At the End
You shall see the distinction between the righteous and the wicked, between one who serves God and one who does not serve him. Malachi 3:18
A few weeks back, while out hiking in the mountains, I came across the historical marker of an old cemetery with two gravestones. Buried in the snow and barely legible, one read, I Am at Rest. It got me thinking about what someone would put on my headstone. When I’m gone, what will be said of me? Will I be remembered for my most obvious failures, or will I be remembered for following God out of my disaster?
Here, at the close of the Old Testament, Malachi reinforces what the Bible has taught from the beginning. We all make our choices, and the consequences are predictable. Adam and Eve were given a choice to follow God or themselves. Later, Moses declared, I have set before you today life and good, death and evil (Deuteronomy 30:15). Malachi, in today’s passage, now reinforces the reality that these two lives, the one that follows God and the one that doesn’t, will look very differently.
The life that follows God isn’t marked simply by going to church. Malachi chastised those who pretended to follow God with their false display of ceremony and sacrifice, while participating in sorcery, adultery, dishonest business, and oppression of the poor (Malachi 3:5).
Malachi insisted that those who follow God will live differently in a way that is obvious to all, both in its behavior and in its consequence. Those who follow God will obey his commands, loving him and loving those around them. These will find true life, joy, and peace.
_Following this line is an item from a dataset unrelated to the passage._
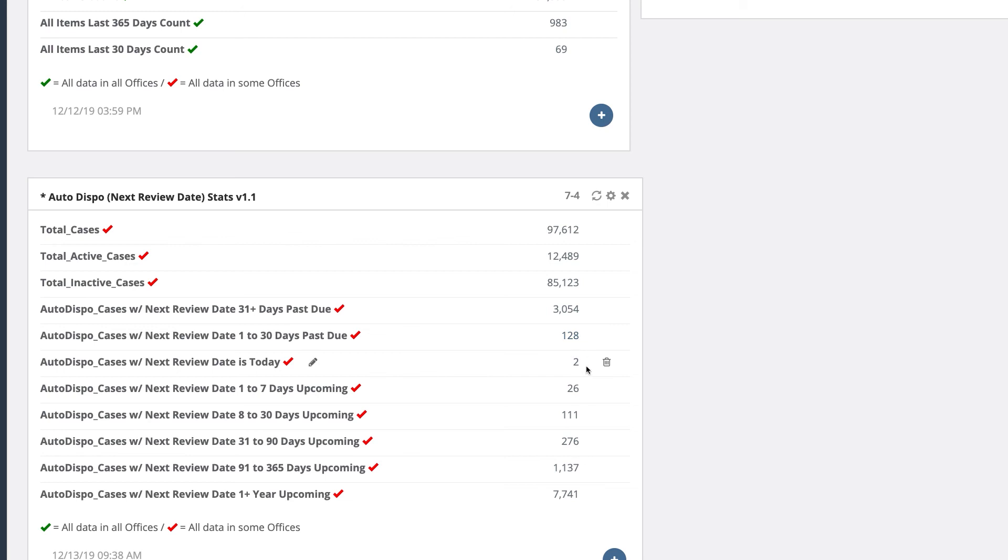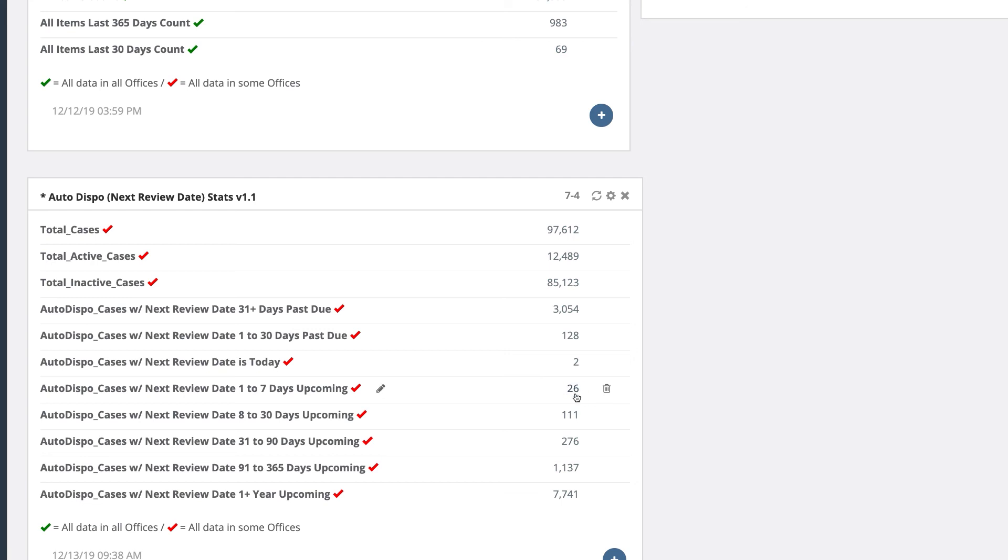You can also use this as a reminder system to see what cases you have coming up for review. For example, we have 26 cases coming up within the next week. You can click on that number to pull those cases up and get with the officers ahead of time to figure out what disposition orders they have for the items in their cases.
Those who refuse to follow God, will live for themselves, pursuing – and finding – their own misery.
What would Malachi say about me? At the end, I don’t want to look back with regret and sorrow. In the December of my life, as snow threatens to bury my gravestone, I want to be able to look back at a life spent loving God and loving others. If I want this, if I want my life to be what God wants it to be, then today, while I’m living, I must choose to abandon me to follow him.